Who in these paranoid, voyeuristic times hasn’t dreamed of installing a webcam on a balcony, in a backyard or the bedroom, just to keep an eye on things from afar?
D-Link offers a solution with its $270 DHA-390, a webcam kit designed to make remote snooping simple. But while D-Link’s engineers got the concept right (web-based access, no computer required), their execution leaves a lot to be desired.
Hooking up the DHA-390 is easy … initially. Plug the camera into one of the two included power-line network adapters, then plug the adapter into a wall socket. Plug the other adapter into a power outlet near your router, and connect it to your internet router. D-Link even includes the ethernet cables you need. With luck, the camera will get on the internet using your electrical wiring and router, then connect to D-Link’s website on its own.

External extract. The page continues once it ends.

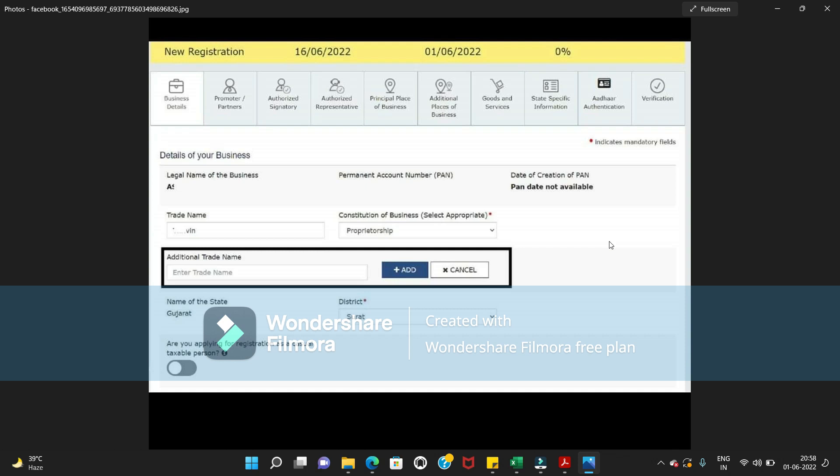your another name in the additional trade name column. As you can see on my screen, there is an add button.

If your router is set up with network address translation (NAT) or any kind of firewall, you’re going to have a difficult time getting the DHA-390 online. It doesn’t use fixed ports, so forget about just configuring your firewall to give access to the camera — it’s all or nothing. To get around this problem, you need to connect the camera directly into your computer, reconfigure your computer’s network settings, visit a special URL to connect with the camera, make manual changes to the camera’s IP settings, then wait for a minute or two for the changes to take effect. Repeat as necessary until the custom configuration settings take effect.
Once it’s connected to the internet, you view the camera’s video and configure it on D-Link’s website. You can do this anywhere in the world: Just log in and start watching live video from the camera. Unfortunately, D-Link’s website uses a slew of ActiveX controls, which means it will only work using Internet Explorer running on a Windows PC. Vista user? Get ready for a bunch of pop-up dialogs asking if you’re really sure you want to run these things.
You can configure the camera to take a snapshot whenever it detects motion, and it optionally sends e-mail notifications alerting you to activity. But those e-mails come at most hourly, merely summarizing that the camera took a few snapshots within the past hour — so if you’re counting on this to give you an instant warning before the ninjas make off with you and your family, forget it. Also, the e-mail messages don’t include images. To see those, you’ll need to sign back onto the D-Link website (with that Windows PC and Internet Explorer), navigate to the snapshots section, and select the image you want.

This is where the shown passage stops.